Try it: Leave the pictures out and restate every line below exactly.

Dataset excerpt:
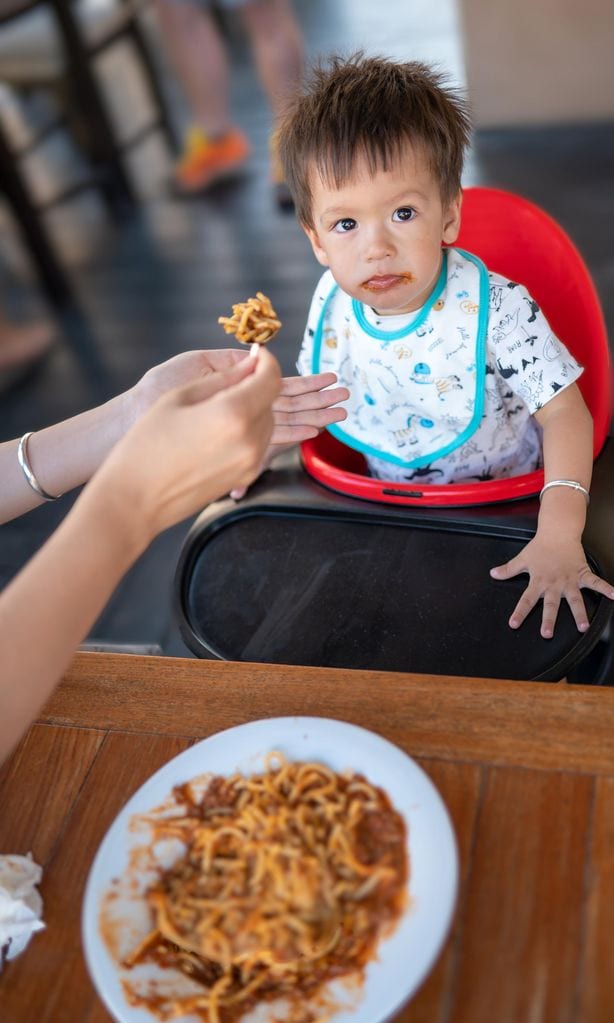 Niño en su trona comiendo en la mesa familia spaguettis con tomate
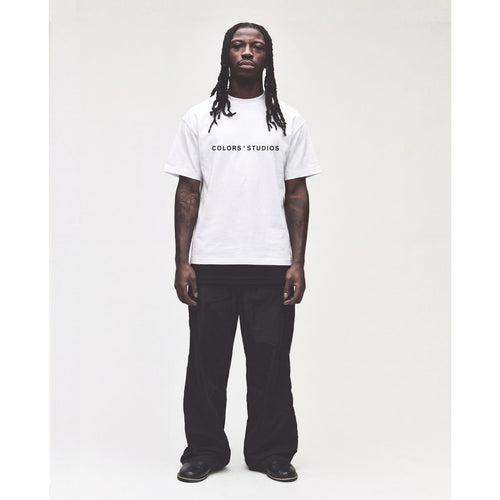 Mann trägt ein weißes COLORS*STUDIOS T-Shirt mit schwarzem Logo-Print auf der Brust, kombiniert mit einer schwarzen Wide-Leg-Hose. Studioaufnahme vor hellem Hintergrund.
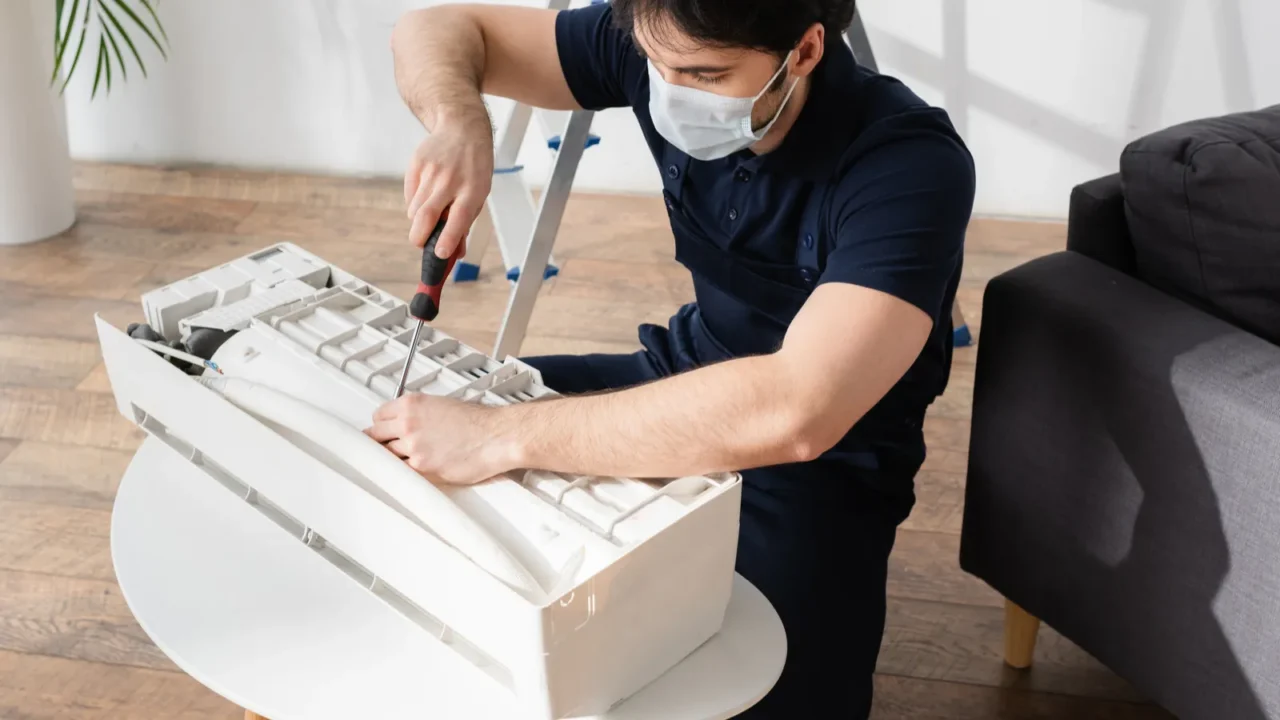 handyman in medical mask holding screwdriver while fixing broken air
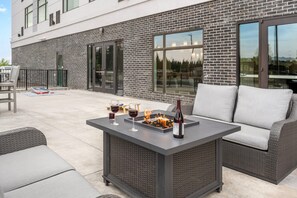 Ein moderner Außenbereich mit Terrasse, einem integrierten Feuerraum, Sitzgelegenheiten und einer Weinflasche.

Your response:
 Niño en su trona comiendo en la mesa familia spaguettis con tomate
 Mann trägt ein weißes COLORS*STUDIOS T-Shirt mit schwarzem Logo-Print auf der Brust, kombiniert mit einer schwarzen Wide-Leg-Hose. Studioaufnahme vor hellem Hintergrund.
 handyman in medical mask holding screwdriver while fixing broken air
 Ein moderner Außenbereich mit Terrasse, einem integrierten Feuerraum, Sitzgelegenheiten und einer Weinflasche.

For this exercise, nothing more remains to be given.